Parameter-efficient fine-tuning (PEFT) has emerged as a popular strategy for adapting large vision foundation models, such as the Segment Anything Model (SAM) and LLaVA, to downstream tasks like image forgery detection and localization (IFDL). However, existing PEFT-based approaches overlook their vulnerability to adversarial attacks. In this paper, we show that highly transferable adversarial images can be crafted solely via the upstream model, without accessing the downstream model or training data, significantly degrading the IFDL performance. To address this, we propose ForensicsSAM, a unified IFDL framework with built-in adversarial robustness. Our design is guided by three key ideas: (1) To compensate for the lack of forgery-relevant knowledge in the frozen image encoder, we inject forgery experts into each transformer block to enhance its ability to capture forgery artifacts. These forgery experts are always activated and shared across any input images. (2) To detect adversarial images, we design an light-weight adversary detector that learns to capture structured, task-specific artifact in RGB domain, enabling reliable discrimination across various attack methods. (3) To resist adversarial attacks, we inject adversary experts into the global attention layers and MLP modules to progressively correct feature shifts induced by adversarial noise. These adversary experts are adaptively activated by the adversary detector, thereby avoiding unnecessary interference with clean images. Extensive experiments across multiple benchmarks demonstrate that ForensicsSAM achieves superior resistance to various adversarial attack methods, while also delivering state-of-the-art performance in image-level forgery detection and pixel-level forgery localization.

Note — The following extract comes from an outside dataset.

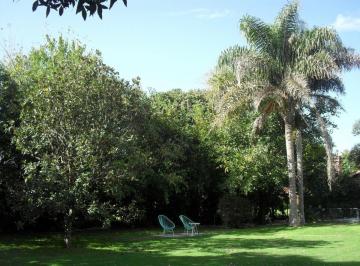 Casa · 300m² · 5 Ambientes · 1 Cochera · Los Lagartos C. C. Vende o Permuta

The resource is available at https://github.com/siriusPRX/ForensicsSAM.

Key Contributions

Demonstrates that PEFT-based IFDL models built on vision foundation models are vulnerable to highly transferable adversarial attacks crafted solely from the upstream model without downstream model access
Proposes ForensicsSAM with forgery experts injected into each transformer block and a lightweight adversary detector that identifies structured adversarial artifacts in the RGB domain
Introduces adaptively activated adversary experts in global attention and MLP layers that progressively correct adversarial feature shifts while avoiding interference with clean images

🛡️ Threat Analysis

Input Manipulation Attack

The paper demonstrates that transferable adversarial perturbations crafted via the upstream model (SAM) degrade downstream IFDL model performance without access to the downstream model, and proposes a defense with an adversary detector and adversary experts to correct adversarial feature shifts — core adversarial robustness work.

Output Integrity Attack

The primary downstream task is image forgery detection and localization — verifying content integrity and authenticity by detecting tampered/manipulated images at both image-level and pixel-level, which is content integrity and output authenticity verification.